Na avaliação de Omar, a intenção anunciada por Guedes esvazia a ZFM e confirma uma preocupação dos parlamentares do Amazonas quando em reunião com a bancada o presidente da República, Jair Bolsonaro (PSL), confessou que não entende nada do assunto e que tudo vai ficar à mercê das decisões do ministro da Economia.
Por essa razão, e com a entrevista de Guedes, o líder dos parlamentares vê a situação como muito grave. Para ele, ficou claro que o compromisso do ministro não é com o Brasil, mas com os banqueiros, de onde ele teria saído.
“É um momento terrível, é um pensamento de não brasileiro, de não republicano. O Amazonas não é responsável pela política econômica desastrada que vem se praticando no país ao longo dos anos. E nem responsável pelo que Paulo Guedes quer nos imputar. Paulo Guedes tinha de trabalhar mais e falar menos. É um ministro que fala toda hora, gosta de conversar, convence aos banqueiros parceiros dele, mas não convence a população”, afirmou Omar.

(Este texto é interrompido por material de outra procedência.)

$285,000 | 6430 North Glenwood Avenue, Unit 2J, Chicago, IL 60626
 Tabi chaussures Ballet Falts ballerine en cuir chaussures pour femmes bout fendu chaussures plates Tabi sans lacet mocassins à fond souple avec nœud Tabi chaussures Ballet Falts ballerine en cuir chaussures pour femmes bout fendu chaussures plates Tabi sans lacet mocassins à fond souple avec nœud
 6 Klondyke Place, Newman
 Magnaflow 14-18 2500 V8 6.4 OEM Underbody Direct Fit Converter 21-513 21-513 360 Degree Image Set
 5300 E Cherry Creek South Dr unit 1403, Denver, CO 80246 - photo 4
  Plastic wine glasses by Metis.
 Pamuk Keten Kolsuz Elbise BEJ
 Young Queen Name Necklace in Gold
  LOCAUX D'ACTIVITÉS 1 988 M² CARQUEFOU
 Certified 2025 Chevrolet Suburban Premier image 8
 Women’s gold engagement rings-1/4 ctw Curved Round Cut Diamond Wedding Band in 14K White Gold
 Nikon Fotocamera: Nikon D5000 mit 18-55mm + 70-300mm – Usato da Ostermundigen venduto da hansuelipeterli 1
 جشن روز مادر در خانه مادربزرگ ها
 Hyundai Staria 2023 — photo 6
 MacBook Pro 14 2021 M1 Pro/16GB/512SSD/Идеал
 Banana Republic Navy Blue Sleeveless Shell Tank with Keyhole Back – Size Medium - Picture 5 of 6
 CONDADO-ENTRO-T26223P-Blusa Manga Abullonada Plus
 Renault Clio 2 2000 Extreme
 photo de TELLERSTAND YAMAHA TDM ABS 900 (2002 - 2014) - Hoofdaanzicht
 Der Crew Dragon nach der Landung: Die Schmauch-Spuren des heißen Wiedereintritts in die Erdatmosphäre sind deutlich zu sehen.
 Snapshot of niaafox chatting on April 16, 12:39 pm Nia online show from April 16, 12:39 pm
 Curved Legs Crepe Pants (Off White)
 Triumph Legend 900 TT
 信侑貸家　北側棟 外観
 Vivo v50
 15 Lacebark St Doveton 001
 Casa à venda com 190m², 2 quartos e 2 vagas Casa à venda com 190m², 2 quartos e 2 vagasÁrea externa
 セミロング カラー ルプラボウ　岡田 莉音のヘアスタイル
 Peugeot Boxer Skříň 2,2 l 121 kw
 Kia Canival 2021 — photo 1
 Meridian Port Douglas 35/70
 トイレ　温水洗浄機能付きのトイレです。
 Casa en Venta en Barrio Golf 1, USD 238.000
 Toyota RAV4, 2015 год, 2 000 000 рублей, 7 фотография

Segundo Omar, a implicância do ministro é com os R$ 25 bilhões anuais de renúncia fiscal a todas as empresas do polo industrial da ZFM. “Por que ele não mexe com os bilhões de desoneração que são dados para os estados do Sul e do Sudeste? Por que não fala sobre isso?”, questionou.
De acordo com o senador, Guedes esquece dos benefícios da ZFM para o país, como o de ser o estado da região Norte que mais contribui com Imposto de Renda. “Quase 50% saem do estado do Amazonas”, disse ele.
Sobre a importância do IPI para a ZFM, Omar disse que quando era governador do Amazonas (2011-2014) conseguiu atrair empresas dos setores termoplástico e de ar condicionado aumentando a alíquota desse imposto, que mais à frente se reverte em benefício fiscal para os empresários.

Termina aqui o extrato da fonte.